● **TASK GOAL**
In the listing below, find the line containing "crock pot Shredded" and the line containing "A Popeyes and", then copy exactly everything from the first through the second, except the pictures.

● **EXTRACTED MATERIAL**
--------

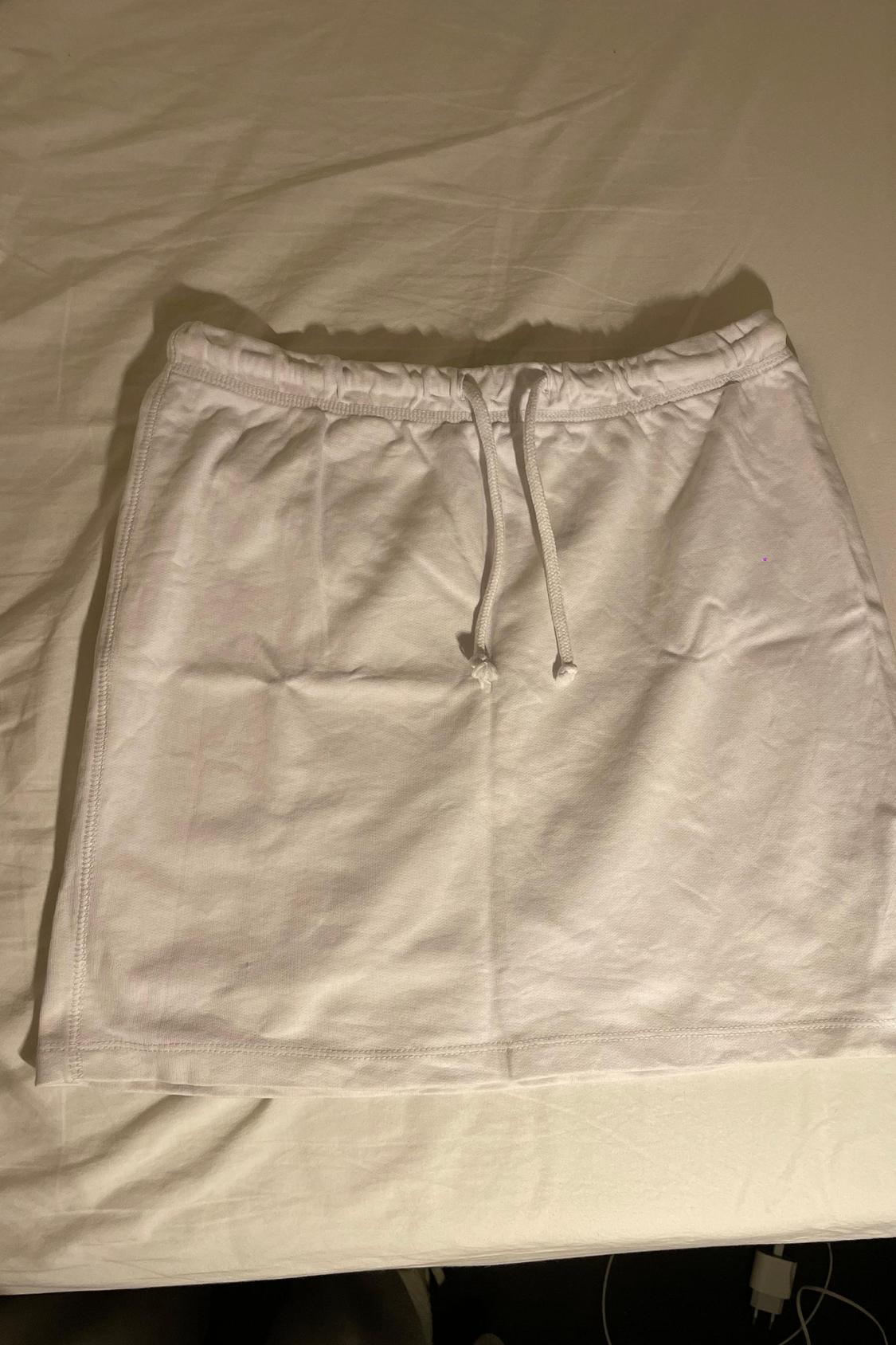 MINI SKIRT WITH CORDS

--------

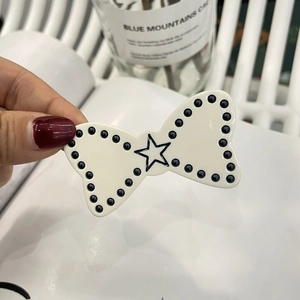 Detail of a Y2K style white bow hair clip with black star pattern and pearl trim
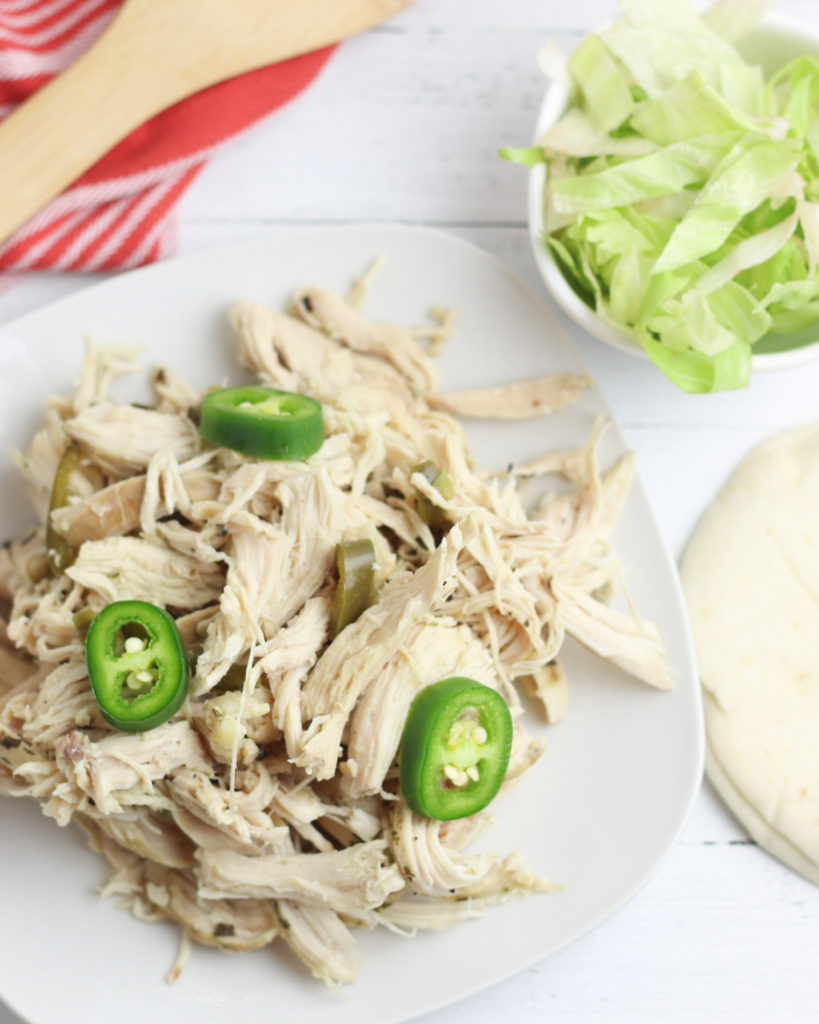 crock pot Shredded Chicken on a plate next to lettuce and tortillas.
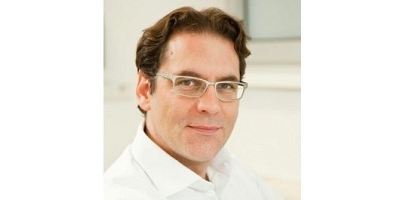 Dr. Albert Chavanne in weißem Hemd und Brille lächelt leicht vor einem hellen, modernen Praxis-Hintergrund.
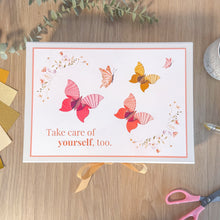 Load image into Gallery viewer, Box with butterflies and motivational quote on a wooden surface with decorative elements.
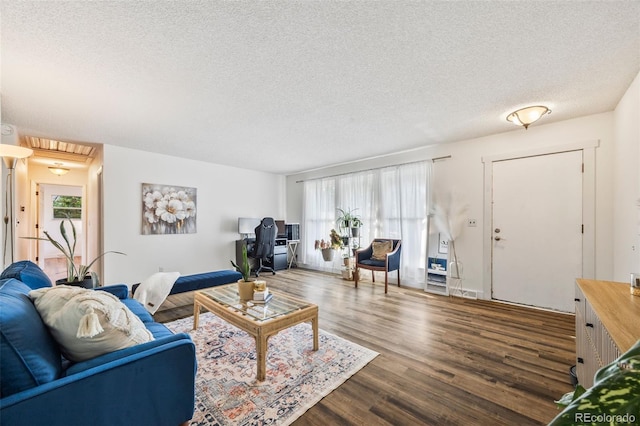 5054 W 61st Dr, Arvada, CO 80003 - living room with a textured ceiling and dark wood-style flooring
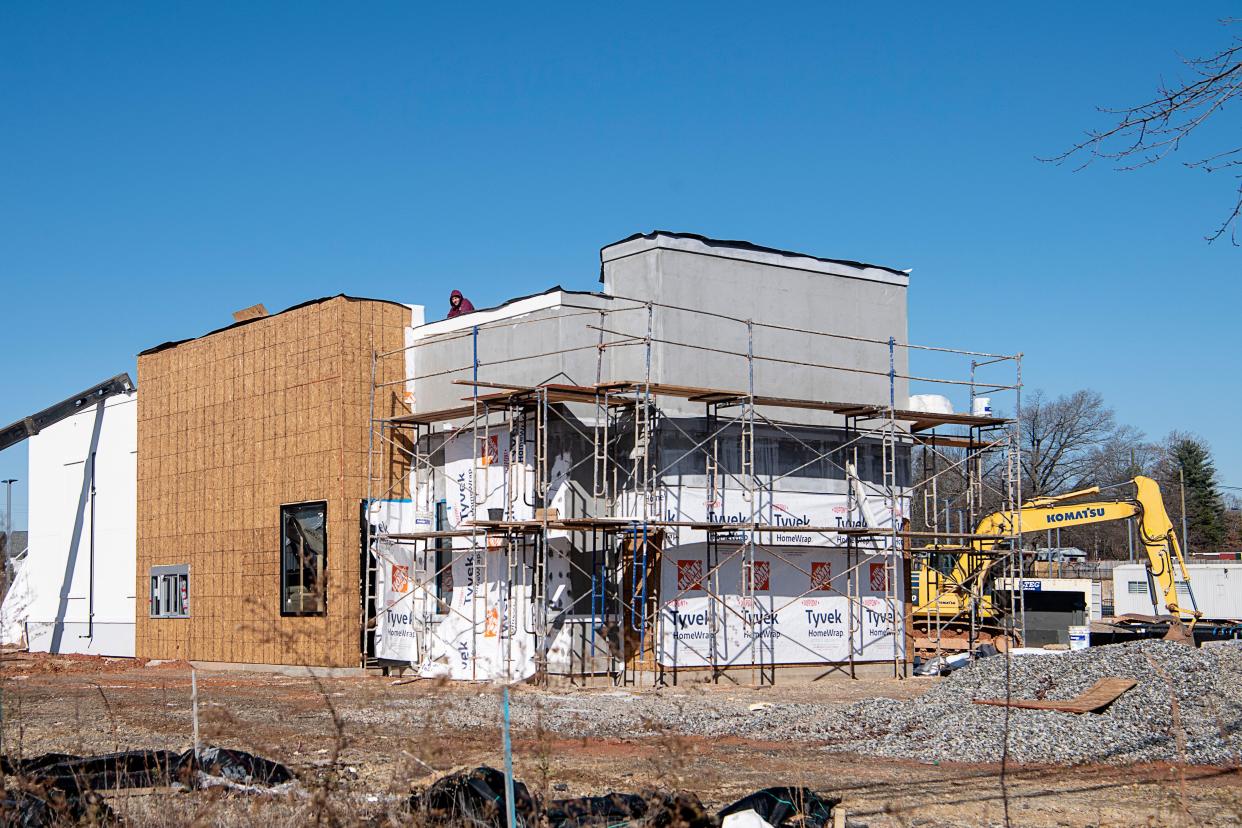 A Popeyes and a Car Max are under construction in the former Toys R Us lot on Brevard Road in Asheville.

--------

● **YOUR RESPONSE**
 crock pot Shredded Chicken on a plate next to lettuce and tortillas.
 Dr. Albert Chavanne in weißem Hemd und Brille lächelt leicht vor einem hellen, modernen Praxis-Hintergrund.
 Load image into Gallery viewer, Box with butterflies and motivational quote on a wooden surface with decorative elements.
 5054 W 61st Dr, Arvada, CO 80003 - living room with a textured ceiling and dark wood-style flooring
 A Popeyes and a Car Max are under construction in the former Toys R Us lot on Brevard Road in Asheville.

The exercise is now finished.